Geoffrey Robertson is an Australian-British barrister and a Queen’s Counsel. He lately appeared at the European Court of Human Rights, next to Amal Clooney and two other representatives of the Armenian government, as a third party in appeal in the case Perinçek v. Switzerland. We will later mention this case, and how Perinçek was first condemned for racial discrimination and then won in appeal because of freedom of expression.
An Inconvenient Genocide is a paradigm on how to legally punish genocide deniers without infringing on freedom of speech. What makes the particularity of Robertson’s work, is that he presents it as if we were ourselves in a court with him: (a) what are the facts and evidences, (b) what it means in terms of law and recognition, and (c) what kind of reparations could be implemented.
I will expound the major lines for an overall comprehension, yet nothing replaces an in-depth analysis of this legal approach regarding the case of the Armenian Genocide.
(a) History, Facts and Evidences
The Armenian fate in the Ottoman Empire had already started at the end of the 19th century, with what is most commonly known as the Hamidian massacres, but also the killings in Urfa or Adana. In spring of 1915, the Ottoman Empire had passed a law for all Armenians to be deported to the Anatolian desert, whilst their goods were being confiscated. On 24 April 1915, the elites were arrested and rapidly killed. In a matter of months, up to two million Armenians had disappeared from Anatolia. (39-49)
There were countless eyewitnesses, such as journalists, German bankers, missionaries, aid organizers or consular officials. We can for example list the American Ambassador Henri Morgenthau, the German Ambassador in Constantinople Hans von Wangenheim and his successor Count Wolf-Metternich, the German missionary Johannes Lepsius, the German photographer Armin T. Wegner, the American General James Harbord, and the German Dr. Martin Niepage. This led to numerous publications in the NY Times and Le Journal. The Blue Book, reporting 150 statements of witnesses, was also compiled by and for the British government (66-67)

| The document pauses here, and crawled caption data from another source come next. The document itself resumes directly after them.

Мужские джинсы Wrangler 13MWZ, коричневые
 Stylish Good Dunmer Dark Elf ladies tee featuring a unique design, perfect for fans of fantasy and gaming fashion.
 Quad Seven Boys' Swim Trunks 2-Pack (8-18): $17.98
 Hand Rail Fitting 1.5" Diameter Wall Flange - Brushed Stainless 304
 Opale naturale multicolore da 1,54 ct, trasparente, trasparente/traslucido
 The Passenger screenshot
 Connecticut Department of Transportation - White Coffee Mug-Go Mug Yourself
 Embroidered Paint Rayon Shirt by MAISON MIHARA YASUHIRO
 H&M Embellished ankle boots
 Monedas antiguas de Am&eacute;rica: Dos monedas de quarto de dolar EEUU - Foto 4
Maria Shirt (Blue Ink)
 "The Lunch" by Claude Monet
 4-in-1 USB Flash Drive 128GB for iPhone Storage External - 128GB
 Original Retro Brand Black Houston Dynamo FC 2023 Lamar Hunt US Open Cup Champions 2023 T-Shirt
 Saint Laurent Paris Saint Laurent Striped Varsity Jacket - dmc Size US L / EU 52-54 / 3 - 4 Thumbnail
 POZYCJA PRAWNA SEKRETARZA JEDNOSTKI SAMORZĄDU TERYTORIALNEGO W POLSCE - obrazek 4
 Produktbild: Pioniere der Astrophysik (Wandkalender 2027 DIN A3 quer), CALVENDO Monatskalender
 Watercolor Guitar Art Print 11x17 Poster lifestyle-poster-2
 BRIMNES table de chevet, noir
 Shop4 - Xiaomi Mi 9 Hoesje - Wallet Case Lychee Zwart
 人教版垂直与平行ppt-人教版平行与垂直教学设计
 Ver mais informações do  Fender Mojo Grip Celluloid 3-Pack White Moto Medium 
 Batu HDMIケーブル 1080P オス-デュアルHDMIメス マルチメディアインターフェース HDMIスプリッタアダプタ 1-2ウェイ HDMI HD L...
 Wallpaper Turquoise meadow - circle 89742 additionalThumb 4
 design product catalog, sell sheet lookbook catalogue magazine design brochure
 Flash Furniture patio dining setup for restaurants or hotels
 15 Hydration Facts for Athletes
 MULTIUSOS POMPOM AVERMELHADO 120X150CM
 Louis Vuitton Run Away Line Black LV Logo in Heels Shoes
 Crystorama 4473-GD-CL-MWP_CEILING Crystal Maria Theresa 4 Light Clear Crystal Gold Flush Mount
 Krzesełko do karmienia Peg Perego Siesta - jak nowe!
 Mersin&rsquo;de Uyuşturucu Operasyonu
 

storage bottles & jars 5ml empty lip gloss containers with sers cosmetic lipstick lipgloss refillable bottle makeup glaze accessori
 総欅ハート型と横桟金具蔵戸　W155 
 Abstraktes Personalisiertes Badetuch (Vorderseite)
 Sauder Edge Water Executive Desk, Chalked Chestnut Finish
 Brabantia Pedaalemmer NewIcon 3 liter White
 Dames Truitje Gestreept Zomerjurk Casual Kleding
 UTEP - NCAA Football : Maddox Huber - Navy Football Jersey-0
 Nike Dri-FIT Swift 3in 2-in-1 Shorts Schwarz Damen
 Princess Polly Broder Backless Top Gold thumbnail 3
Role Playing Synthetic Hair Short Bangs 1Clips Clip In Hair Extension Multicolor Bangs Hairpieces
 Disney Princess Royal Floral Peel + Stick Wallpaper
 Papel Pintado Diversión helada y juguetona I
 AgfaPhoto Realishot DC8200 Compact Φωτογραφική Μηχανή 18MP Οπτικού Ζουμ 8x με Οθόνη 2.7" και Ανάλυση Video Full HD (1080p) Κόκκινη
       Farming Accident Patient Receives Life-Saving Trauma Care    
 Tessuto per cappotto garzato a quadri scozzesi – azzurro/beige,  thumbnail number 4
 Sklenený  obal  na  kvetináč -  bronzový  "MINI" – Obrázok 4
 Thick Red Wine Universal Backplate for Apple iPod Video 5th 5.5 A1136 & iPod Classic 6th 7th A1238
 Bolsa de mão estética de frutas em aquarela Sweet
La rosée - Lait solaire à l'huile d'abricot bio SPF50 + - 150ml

The above, as well as other evidence, show the responsibility of the Ottoman State, who falsely invented an anti-Turkish conspiracy to justify the clear intent to exterminate the Armenians from Anatolia. (89-90)
(b) The Law
It was the polish lawyer Raphael Lemkin who coined the word genocide in 1944. There was until then no international law that would punish the massacres of certain ethnic groups with the clear intent to exterminate it. The 1915 events against the Armenians were already called ‘crime against humanity’ at the time. It was after the trial of Soghomon Thelirian who murdered Talaat Pasha in 1921, one of the perpetrators of the massacres, that Lemkin started to think of the term that would describe the annihilation of a certain group. The word Genocide was born, meaning: genos (race or tribe, in Greek) and cide (to kill, in Latin). (7,17)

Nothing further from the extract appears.